I am trying to prove that the additive groups \mathbb{Z} and \mathbb{Q} are not isomorphic. I know it is not enough to show that there are maps such as, [tex]f:\mathbb{Q}\rightarrow \mathbb{Z}[/itex] where the input of the function, some f(x=\frac{a}{b}), will not be in the group of integers because it's obviously coming from rationals. I just don't know how to rigorously prove this, because just because a map is not isomorphic doesn't mean that the whole thing is not isomorphic. Thanks for any help, it is much appreciated.
morphism
Jul27-08, 07:54 PM
Suppose we managed to find an isomorphism f:\mathbb{Q}\rightarrow \mathbb{Z}. Then f(1/2) would be an integer; what happens when you look at f(1/2) + f(1/2)?
jeffreydk
Jul27-08, 08:06 PM
It would still be in integers right? That's why I'm confused because I can't seem to show that that property disallows the isomorphism.
n_bourbaki
Jul27-08, 08:14 PM
Morphism is sort of on the right lines. The property that you're looking for is called divisibility. Q has it and Z doesn't.

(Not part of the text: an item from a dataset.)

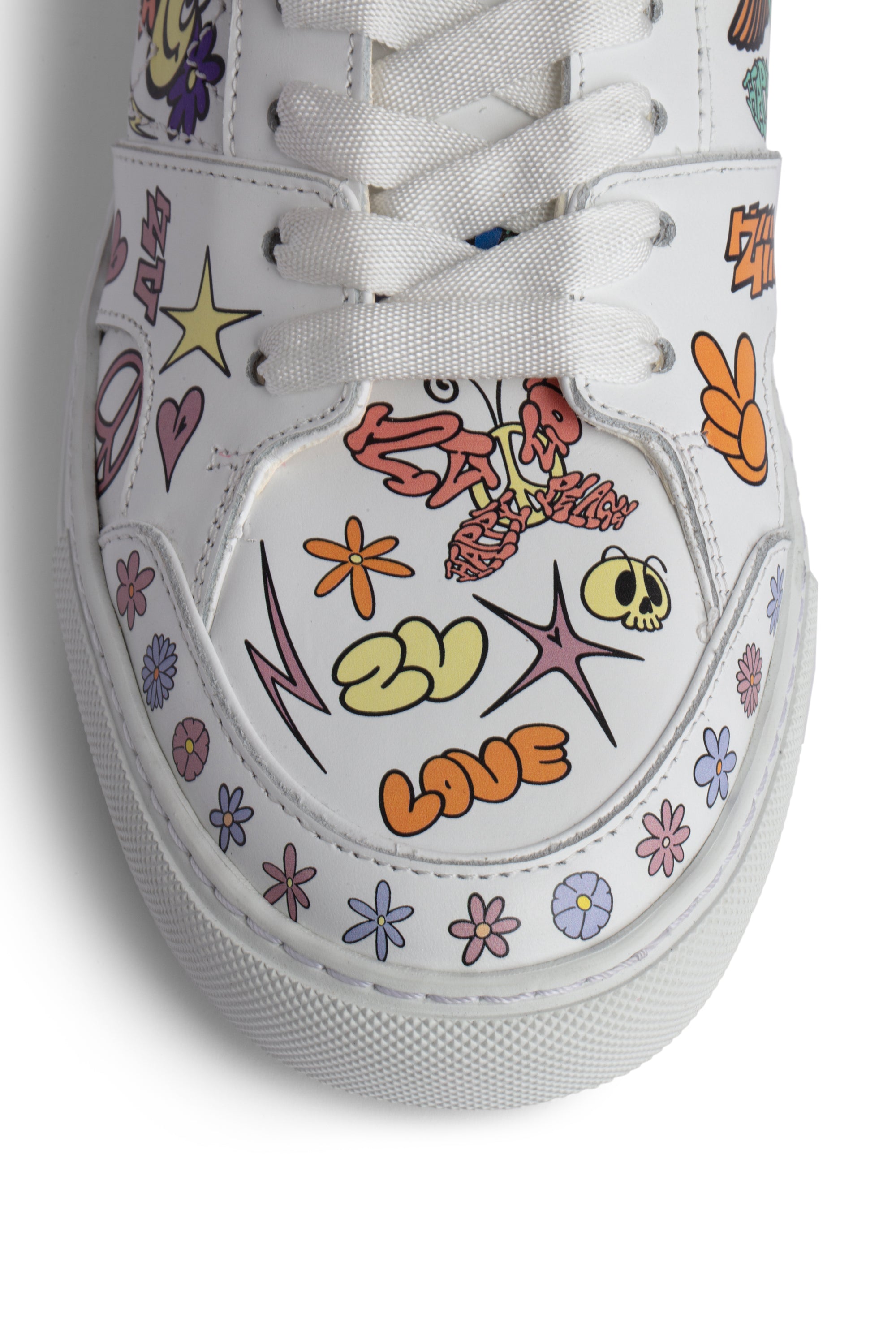ZV" 1747 Mid Flash logo sneakers in leather - White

The same idea also shows that Q\{0} under multiplication is not isomorphic to R\{0} under multiplication. (One can provide an elementary counter argument based purely on set theory, of course.)

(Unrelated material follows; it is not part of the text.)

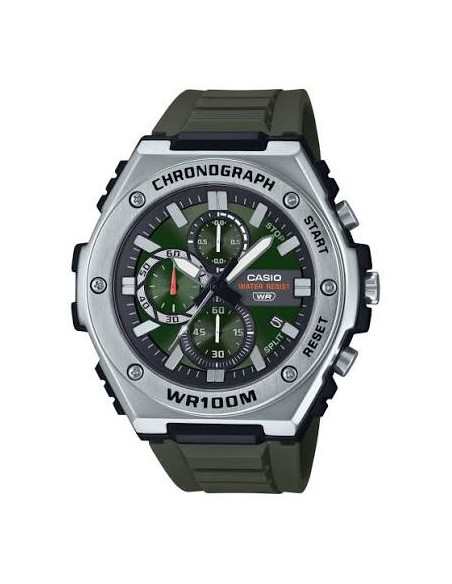 Reloj Casio Para Hombre MWA-300H-3A Analógico Deportivo Bisel Metal Correa Resina Negra 100M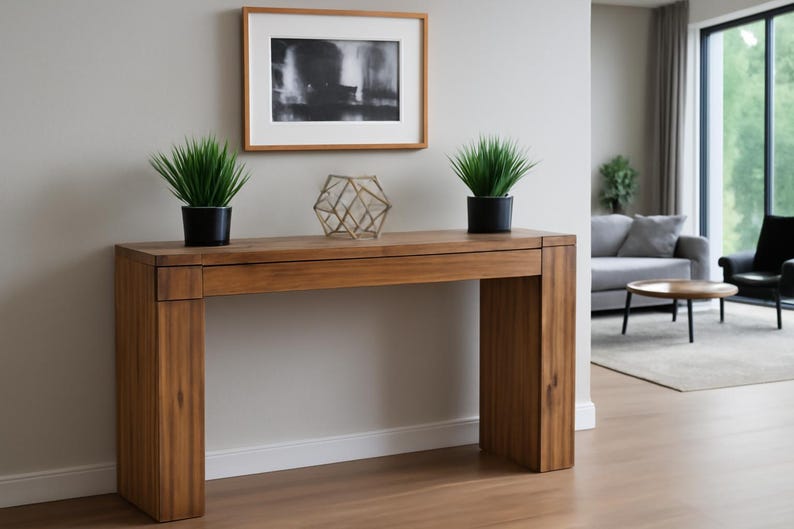 DIY Console Table Plan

Alternatively, Z is cyclic. Can you prove that Q isn't? Actually it isn't that alternative, really. Try thinking about a map g from Z to Q. Any group hom is determined completely by where it sends 1 in Z. Can g(1)/2 be in the image?
jeffreydk
Jul27-08, 08:18 PM
Oh ok I didn't think of showing Q isn't cyclic, that's probably the simplest way to do it now that I think of it. Thanks a bunch.
morphism
Jul27-08, 08:23 PM
Since the "cat is out of the bag," I might as well point out that I wanted jeffreydk to notice that f(1)=nf(1/n) for all n (and why is this bad?).
n_bourbaki
Jul27-08, 09:30 PM
So your proof is based on the idea that if there is an isomorphism f:Q-->Z, then it must follow that f(1) is divisible by every integer? Hmm, not thought of that one before. It struck me as more obvious that Q isn't cyclic, i.e. look at maps from Z to Q. But it's always good to be able to do one thing in two ways, rather than two things in one way.
jeffreydk
Jul28-08, 12:14 AM
I definitely agree, it's good to able to prove it in a number of ways. Thanks you guys for both suggestions.